Song by The Mothers of Invention

from the album We're Only in It for the Money
- Released: March 4, 1968
- Recorded: July 31 – September 1967
- Studio: Mayfair Studios, New York City
- Genre: Psychedelic rock; experimental rock;
- Length: 3:25
- Label: Verve/Bizarre/Rykodisc
- Songwriter: Frank Zappa
- Producer: Frank Zappa

= Absolutely Free (song) =

"Absolutely Free" is a song written by Frank Zappa and released on the Mothers of Invention album We're Only in It for the Money in 1968. The song is not to be confused with the Mothers of Invention album of the same name.

==Lyrics and censorship==
Like many of the songs on We're Only in It for the Money, "Absolutely Free" criticizes the hippie movement and the Summer of Love. The song's lyrics are a parody of psychedelia, especially the idea of expanding one's consciousness through the use of drugs. To this end, the song frequently mentions the word "discorporate", which is explained by Zappa in the spoken introduction to the song ("The first word in this song is discorporate. It means to leave your body"). "Discorporate" plays heavily in Robert Heinlein's science fiction novel Stranger in a Strange Land, which was very popular among hippies and inspired several songs by Jefferson Airplane.

The lyric also alludes to the song "Mellow Yellow" by singer-songwriter Donovan, who is often associated with the hippie movement ("The dreams as they live them are all mellow yellow").
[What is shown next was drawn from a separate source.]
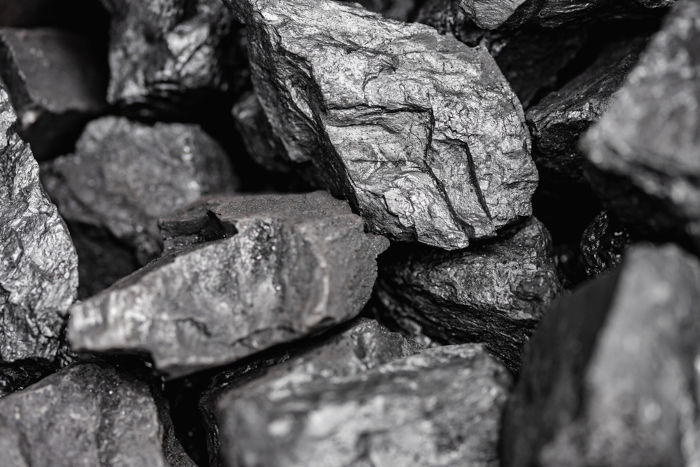 Pedaços de carvão mineral.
On some pressings of the album, especially on earlier releases, two lines of the lyrics were censored. The first is the sentence "I don't do publicity balling for you anymore", uttered at the very beginning of the song by the character of Suzy Creamcheese. The word "balling" was cut from this line. The other line that was censored ("Flower power sucks!") was cut entirely.

==Musical structure==
The song starts off with a piano intro, followed by a brief spoken part containing the aforementioned utterances by Zappa and Suzy Creamcheese. From then on, the song proper begins, a Waltz featuring a harpsichord, acoustic guitar, and a heavy use of reverb and other sound effects, which give the song a pseudo-psychedelic feel.